*EXERCISE AIM*:
Copy nothing from the entries below except the lines from the one containing "Lila Desiree online" through the one containing "Gâteau à la", and copy those exactly.

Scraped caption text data
--------
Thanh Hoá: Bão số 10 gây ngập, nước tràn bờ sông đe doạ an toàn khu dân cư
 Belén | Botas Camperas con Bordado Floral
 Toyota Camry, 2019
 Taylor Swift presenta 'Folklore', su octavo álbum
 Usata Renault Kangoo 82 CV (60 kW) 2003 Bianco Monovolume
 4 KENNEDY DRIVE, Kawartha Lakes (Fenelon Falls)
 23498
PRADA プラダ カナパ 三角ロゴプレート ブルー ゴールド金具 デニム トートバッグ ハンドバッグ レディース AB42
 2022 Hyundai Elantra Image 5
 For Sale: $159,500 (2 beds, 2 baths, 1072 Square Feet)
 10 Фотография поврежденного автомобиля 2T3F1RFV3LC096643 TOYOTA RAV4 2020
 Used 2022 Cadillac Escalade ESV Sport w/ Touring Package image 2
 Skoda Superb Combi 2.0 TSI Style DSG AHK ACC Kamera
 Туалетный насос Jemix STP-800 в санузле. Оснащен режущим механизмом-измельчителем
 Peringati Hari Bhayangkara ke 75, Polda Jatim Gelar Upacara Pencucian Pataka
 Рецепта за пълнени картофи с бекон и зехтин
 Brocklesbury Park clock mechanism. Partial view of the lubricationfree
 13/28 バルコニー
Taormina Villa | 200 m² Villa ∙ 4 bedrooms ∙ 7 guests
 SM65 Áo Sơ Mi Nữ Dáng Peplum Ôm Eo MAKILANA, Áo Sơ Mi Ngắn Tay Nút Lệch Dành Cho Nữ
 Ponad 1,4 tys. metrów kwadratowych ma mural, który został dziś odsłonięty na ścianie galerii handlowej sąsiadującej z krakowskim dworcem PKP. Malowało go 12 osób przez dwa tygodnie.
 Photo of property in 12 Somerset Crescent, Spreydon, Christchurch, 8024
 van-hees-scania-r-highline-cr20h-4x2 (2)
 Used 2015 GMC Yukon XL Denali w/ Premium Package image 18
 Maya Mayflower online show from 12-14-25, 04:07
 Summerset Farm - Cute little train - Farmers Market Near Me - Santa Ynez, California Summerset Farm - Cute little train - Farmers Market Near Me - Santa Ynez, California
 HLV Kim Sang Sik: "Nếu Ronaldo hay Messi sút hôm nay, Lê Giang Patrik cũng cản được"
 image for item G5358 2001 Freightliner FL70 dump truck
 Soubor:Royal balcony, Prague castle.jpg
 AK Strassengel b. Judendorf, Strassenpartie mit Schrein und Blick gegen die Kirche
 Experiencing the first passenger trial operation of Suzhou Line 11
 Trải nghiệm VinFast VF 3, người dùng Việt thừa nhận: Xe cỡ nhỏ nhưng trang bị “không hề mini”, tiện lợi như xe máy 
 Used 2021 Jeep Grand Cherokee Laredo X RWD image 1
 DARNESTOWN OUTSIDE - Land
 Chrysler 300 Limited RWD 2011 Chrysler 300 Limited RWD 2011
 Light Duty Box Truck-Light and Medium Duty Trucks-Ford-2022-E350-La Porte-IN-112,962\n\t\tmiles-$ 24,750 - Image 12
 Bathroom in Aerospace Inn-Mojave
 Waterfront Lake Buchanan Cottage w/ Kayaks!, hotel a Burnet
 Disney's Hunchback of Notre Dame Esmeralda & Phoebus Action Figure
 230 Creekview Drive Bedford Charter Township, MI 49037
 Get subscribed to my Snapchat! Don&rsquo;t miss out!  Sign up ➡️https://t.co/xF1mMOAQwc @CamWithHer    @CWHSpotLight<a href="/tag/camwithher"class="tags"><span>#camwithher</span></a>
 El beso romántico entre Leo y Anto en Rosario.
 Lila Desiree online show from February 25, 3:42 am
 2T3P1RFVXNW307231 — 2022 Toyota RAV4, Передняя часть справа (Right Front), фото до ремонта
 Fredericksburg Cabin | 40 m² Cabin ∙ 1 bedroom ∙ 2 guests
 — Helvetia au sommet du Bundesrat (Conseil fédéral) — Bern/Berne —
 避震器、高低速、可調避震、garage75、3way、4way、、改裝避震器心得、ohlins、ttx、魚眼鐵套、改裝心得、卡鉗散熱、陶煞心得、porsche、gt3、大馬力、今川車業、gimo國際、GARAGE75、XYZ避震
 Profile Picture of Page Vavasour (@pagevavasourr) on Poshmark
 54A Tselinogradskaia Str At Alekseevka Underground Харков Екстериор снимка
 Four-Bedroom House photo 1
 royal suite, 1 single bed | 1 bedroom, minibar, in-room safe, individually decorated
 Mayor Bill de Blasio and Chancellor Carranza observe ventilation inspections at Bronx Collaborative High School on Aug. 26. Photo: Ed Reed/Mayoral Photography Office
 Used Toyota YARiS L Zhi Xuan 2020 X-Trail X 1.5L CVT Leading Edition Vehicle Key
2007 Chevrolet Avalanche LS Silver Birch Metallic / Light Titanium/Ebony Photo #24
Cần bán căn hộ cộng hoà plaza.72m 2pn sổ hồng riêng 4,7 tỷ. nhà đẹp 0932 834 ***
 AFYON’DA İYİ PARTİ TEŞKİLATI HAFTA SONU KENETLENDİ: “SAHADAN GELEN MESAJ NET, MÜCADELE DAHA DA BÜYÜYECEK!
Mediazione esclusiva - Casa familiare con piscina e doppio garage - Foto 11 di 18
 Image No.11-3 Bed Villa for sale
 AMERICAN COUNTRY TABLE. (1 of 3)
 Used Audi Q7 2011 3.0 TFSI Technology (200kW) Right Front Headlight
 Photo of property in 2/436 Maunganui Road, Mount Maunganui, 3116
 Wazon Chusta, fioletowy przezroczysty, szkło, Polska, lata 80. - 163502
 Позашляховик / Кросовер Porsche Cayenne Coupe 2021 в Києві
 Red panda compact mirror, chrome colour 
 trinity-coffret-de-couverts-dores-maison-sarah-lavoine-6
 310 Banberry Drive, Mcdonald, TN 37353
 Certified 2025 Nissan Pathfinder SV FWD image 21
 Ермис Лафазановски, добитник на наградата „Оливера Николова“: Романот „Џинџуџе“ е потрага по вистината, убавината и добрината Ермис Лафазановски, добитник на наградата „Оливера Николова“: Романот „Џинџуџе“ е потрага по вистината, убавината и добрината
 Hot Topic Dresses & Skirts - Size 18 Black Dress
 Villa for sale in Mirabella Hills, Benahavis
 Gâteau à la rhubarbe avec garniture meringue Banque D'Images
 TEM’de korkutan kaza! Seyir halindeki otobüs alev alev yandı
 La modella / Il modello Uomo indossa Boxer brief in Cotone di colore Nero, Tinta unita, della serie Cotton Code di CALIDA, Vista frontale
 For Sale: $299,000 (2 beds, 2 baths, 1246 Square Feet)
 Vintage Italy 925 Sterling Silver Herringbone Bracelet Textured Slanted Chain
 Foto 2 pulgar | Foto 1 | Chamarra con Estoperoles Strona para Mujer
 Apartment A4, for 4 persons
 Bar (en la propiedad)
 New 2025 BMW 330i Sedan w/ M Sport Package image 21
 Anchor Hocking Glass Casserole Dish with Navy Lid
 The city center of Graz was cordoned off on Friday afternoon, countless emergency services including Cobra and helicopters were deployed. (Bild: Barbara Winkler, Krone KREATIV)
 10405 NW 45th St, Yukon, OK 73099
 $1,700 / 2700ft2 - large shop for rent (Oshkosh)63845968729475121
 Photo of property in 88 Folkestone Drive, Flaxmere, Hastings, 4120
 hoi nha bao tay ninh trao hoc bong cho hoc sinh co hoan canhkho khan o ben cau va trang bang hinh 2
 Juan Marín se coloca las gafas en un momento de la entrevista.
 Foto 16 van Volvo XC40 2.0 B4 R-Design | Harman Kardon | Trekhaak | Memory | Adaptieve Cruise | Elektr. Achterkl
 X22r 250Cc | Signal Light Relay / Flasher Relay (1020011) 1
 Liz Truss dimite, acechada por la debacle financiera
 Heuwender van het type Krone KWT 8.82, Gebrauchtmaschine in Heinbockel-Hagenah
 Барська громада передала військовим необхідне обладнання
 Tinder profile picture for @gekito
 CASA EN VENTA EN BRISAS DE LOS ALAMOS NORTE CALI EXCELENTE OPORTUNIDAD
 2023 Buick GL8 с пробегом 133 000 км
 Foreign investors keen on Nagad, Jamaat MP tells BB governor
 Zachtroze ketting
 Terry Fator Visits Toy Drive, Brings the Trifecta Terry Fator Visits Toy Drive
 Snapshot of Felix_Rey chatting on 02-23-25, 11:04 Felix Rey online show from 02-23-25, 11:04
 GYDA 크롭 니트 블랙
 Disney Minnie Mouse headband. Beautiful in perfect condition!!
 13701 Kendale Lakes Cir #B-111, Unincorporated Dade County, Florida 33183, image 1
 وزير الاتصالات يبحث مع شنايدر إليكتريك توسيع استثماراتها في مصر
--------
*WRITTEN SOLUTION*:
 Lila Desiree online show from February 25, 3:42 am
 2T3P1RFVXNW307231 — 2022 Toyota RAV4, Передняя часть справа (Right Front), фото до ремонта
 Fredericksburg Cabin | 40 m² Cabin ∙ 1 bedroom ∙ 2 guests
 — Helvetia au sommet du Bundesrat (Conseil fédéral) — Bern/Berne —
 避震器、高低速、可調避震、garage75、3way、4way、、改裝避震器心得、ohlins、ttx、魚眼鐵套、改裝心得、卡鉗散熱、陶煞心得、porsche、gt3、大馬力、今川車業、gimo國際、GARAGE75、XYZ避震
 Profile Picture of Page Vavasour (@pagevavasourr) on Poshmark
 54A Tselinogradskaia Str At Alekseevka Underground Харков Екстериор снимка
 Four-Bedroom House photo 1
 royal suite, 1 single bed | 1 bedroom, minibar, in-room safe, individually decorated
 Mayor Bill de Blasio and Chancellor Carranza observe ventilation inspections at Bronx Collaborative High School on Aug. 26. Photo: Ed Reed/Mayoral Photography Office
 Used Toyota YARiS L Zhi Xuan 2020 X-Trail X 1.5L CVT Leading Edition Vehicle Key
2007 Chevrolet Avalanche LS Silver Birch Metallic / Light Titanium/Ebony Photo #24
Cần bán căn hộ cộng hoà plaza.72m 2pn sổ hồng riêng 4,7 tỷ. nhà đẹp 0932 834 ***
 AFYON’DA İYİ PARTİ TEŞKİLATI HAFTA SONU KENETLENDİ: “SAHADAN GELEN MESAJ NET, MÜCADELE DAHA DA BÜYÜYECEK!
Mediazione esclusiva - Casa familiare con piscina e doppio garage - Foto 11 di 18
 Image No.11-3 Bed Villa for sale
 AMERICAN COUNTRY TABLE. (1 of 3)
 Used Audi Q7 2011 3.0 TFSI Technology (200kW) Right Front Headlight
 Photo of property in 2/436 Maunganui Road, Mount Maunganui, 3116
 Wazon Chusta, fioletowy przezroczysty, szkło, Polska, lata 80. - 163502
 Позашляховик / Кросовер Porsche Cayenne Coupe 2021 в Києві
 Red panda compact mirror, chrome colour 
 trinity-coffret-de-couverts-dores-maison-sarah-lavoine-6
 310 Banberry Drive, Mcdonald, TN 37353
 Certified 2025 Nissan Pathfinder SV FWD image 21
 Ермис Лафазановски, добитник на наградата „Оливера Николова“: Романот „Џинџуџе“ е потрага по вистината, убавината и добрината Ермис Лафазановски, добитник на наградата „Оливера Николова“: Романот „Џинџуџе“ е потрага по вистината, убавината и добрината
 Hot Topic Dresses & Skirts - Size 18 Black Dress
 Villa for sale in Mirabella Hills, Benahavis
 Gâteau à la rhubarbe avec garniture meringue Banque D'Images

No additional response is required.